Last Call for Liberty, by Os Guinness

For many decades Os Guiness, a resident alien living in the U.S., has offered insightful and prophetic commentary on the state and direction of his adopted nation.  In Last Call for Liberty: How America's Genius for Freedom Has Become Its Greatest Threat he returns to themes he has addressed before, bringing his assessments up to date.

The United States is in a struggle between conflicting visions of freedom.  "A false and cancerous 'freedom' has started attacking healthy freedom."  From a historical perspective, Guinness characterizes it as a struggle between the ideals of the revolutions of 1776 in the United States and 1789 in France. The modern left in the U.S. is heir more to 1789 than 1776.  "The seismic shifts accompanying the 1960s counterculture, and in particular the shift from the older classical liberalism to the new Left/liberalism, were deliberate.  They represented a powerful counterrevolution that at numerous points has shown itself the true heir of 1789 . . . than 1776."

American liberty, Guinness writes, is built around covenant and community, not libertinism and communalism.  Unlike the French Revolution, the United States is built on free expression of religion, not on the rejection of religion.  The creeping influence of 1789 has had an impact on political life in the U.S.  "There are many partisans and few statesmen" in American public life.  As the last few years have shown, political divisions are deep.  "The 'Never Trumpers,' both Democrats and his fellow Republicans, and politicians, journalists, academics, as well as celebrities, have developed such a manic obsession about the president that they cannot see straight or talk of much else."  This "crisis," though, is less a reflection of one man's flaws, but of society's crisis of understanding of freedom.

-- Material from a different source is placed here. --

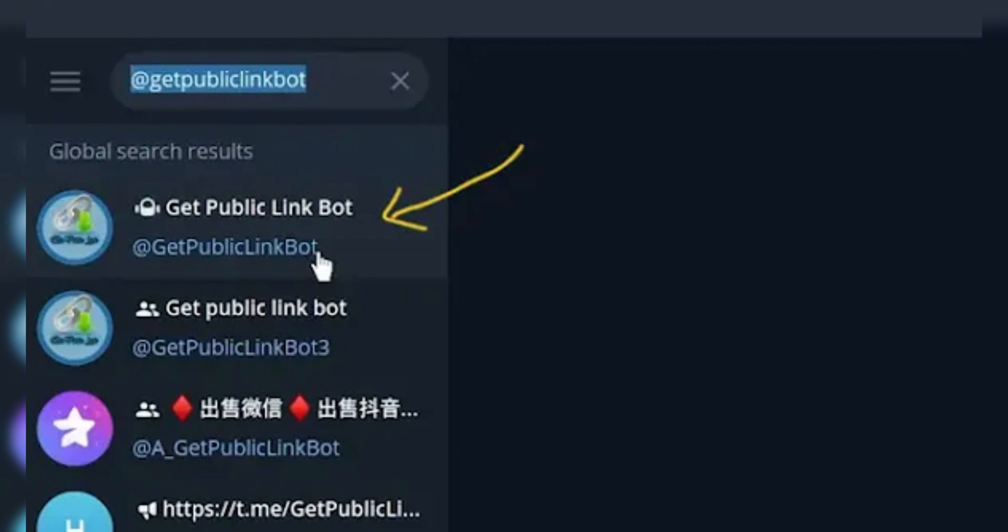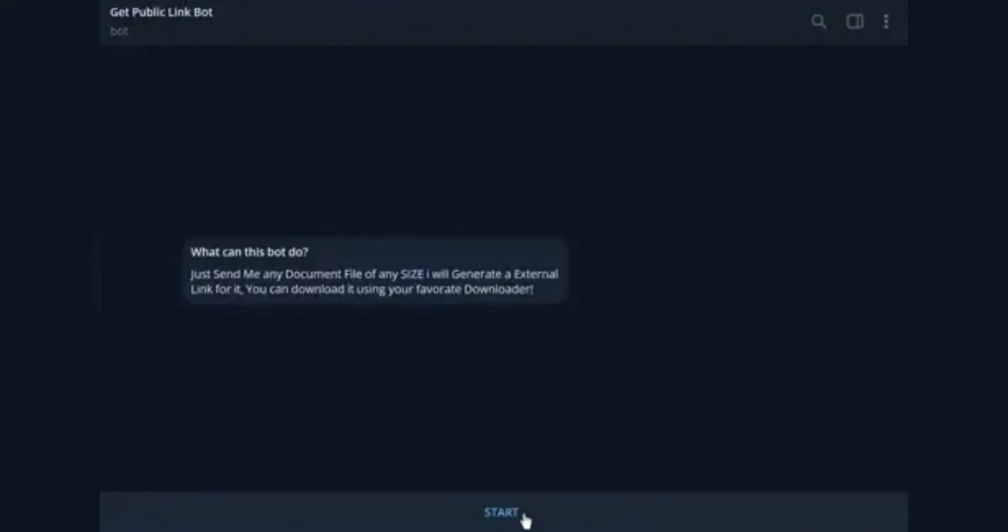Open Telegram mobile app or desktop version. In the search bar, search for @getpubliclinkbot.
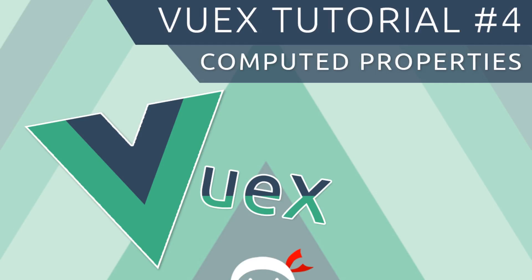Hey gang, welcome to your fourth Vuex tutorial. In this video we're going to talk about how we can use computed properties with Vuex.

Guinness doesn't leave the reader completely without hope.  But the wrong view of freedom, the "striking genius for freedom has become [America's] Achilles' heel and now threatens [America's] premature and quite unnecessary decline."  We can still "stay true to the better angels of [our] founding promise" but it seems like the decline into 1789 seems powerful and perhaps irreversible.  We need voices like Guinness's to keep us heading in the right direction.



Thanks to NetGalley and the publisher for the complimentary electronic review copy!